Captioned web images
□ □ □ □ □
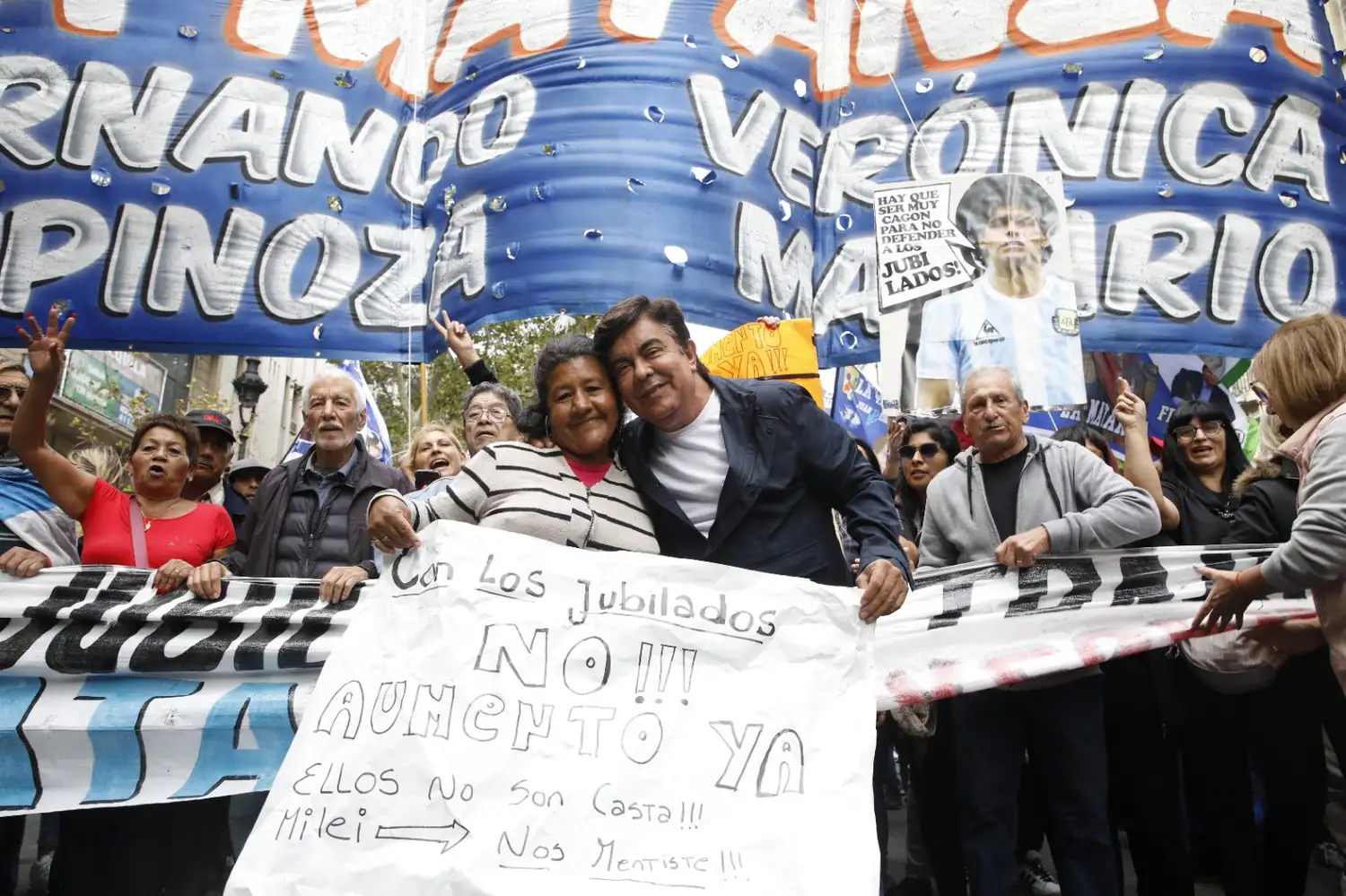 Espinoza con jubilados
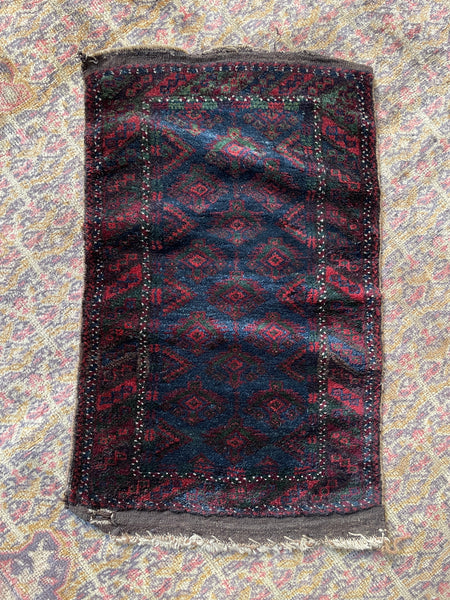 Small Persian Vintage Rug / 1'6 x 2'4 Baluch Scatter Rug #3389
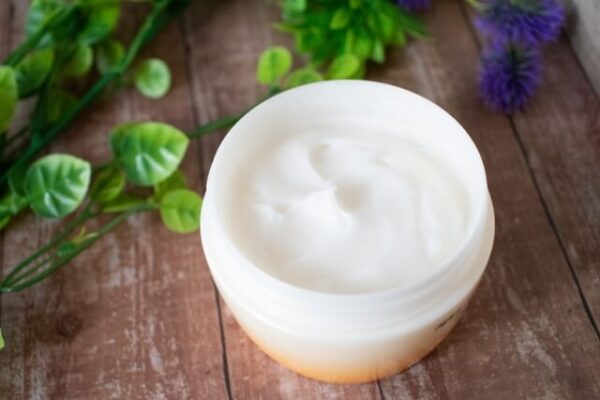 スキンケア化粧品が原因の「モロモロ」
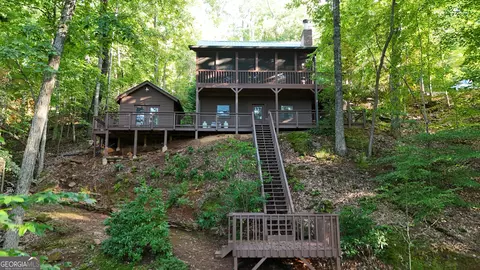 1515 Millennium Dr, Young Harris, GA 30582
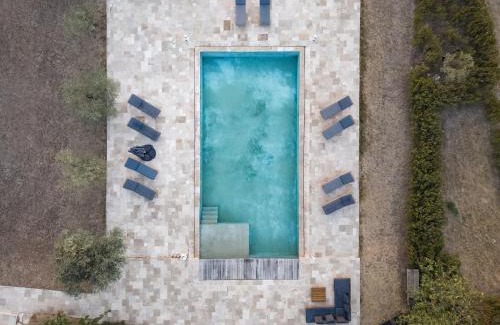 Grillon Casa | Domaine de la Calamande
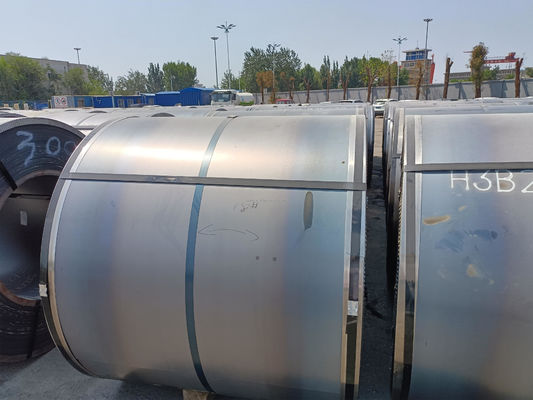 Q195 Q235 Q345 Q235B 0,8-300 mm Dikte MS HRC ijzer laag koolstofgehalte warmgewalst staal spoel voor container- of bulkvervoer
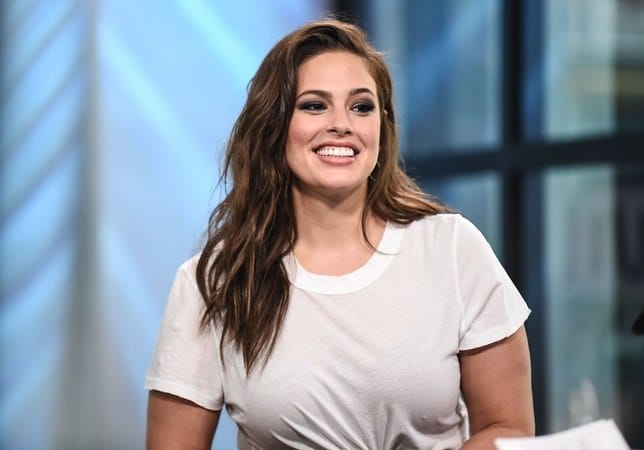 Ashley Graham gyereket vár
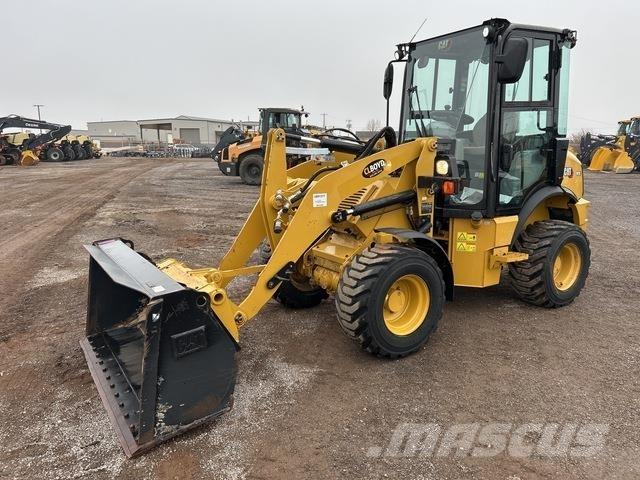 CAT 903D Rataslaadurid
□ □ □ □ □
#### [PROBLEM]
Exclude images and repeat all entries exactly.

#### [ANSWER FOR THIS EXERCISE]
 Espinoza con jubilados
 Small Persian Vintage Rug / 1'6 x 2'4 Baluch Scatter Rug #3389
 スキンケア化粧品が原因の「モロモロ」
 1515 Millennium Dr, Young Harris, GA 30582
 Grillon Casa | Domaine de la Calamande
 Q195 Q235 Q345 Q235B 0,8-300 mm Dikte MS HRC ijzer laag koolstofgehalte warmgewalst staal spoel voor container- of bulkvervoer
 Ashley Graham gyereket vár
 CAT 903D Rataslaadurid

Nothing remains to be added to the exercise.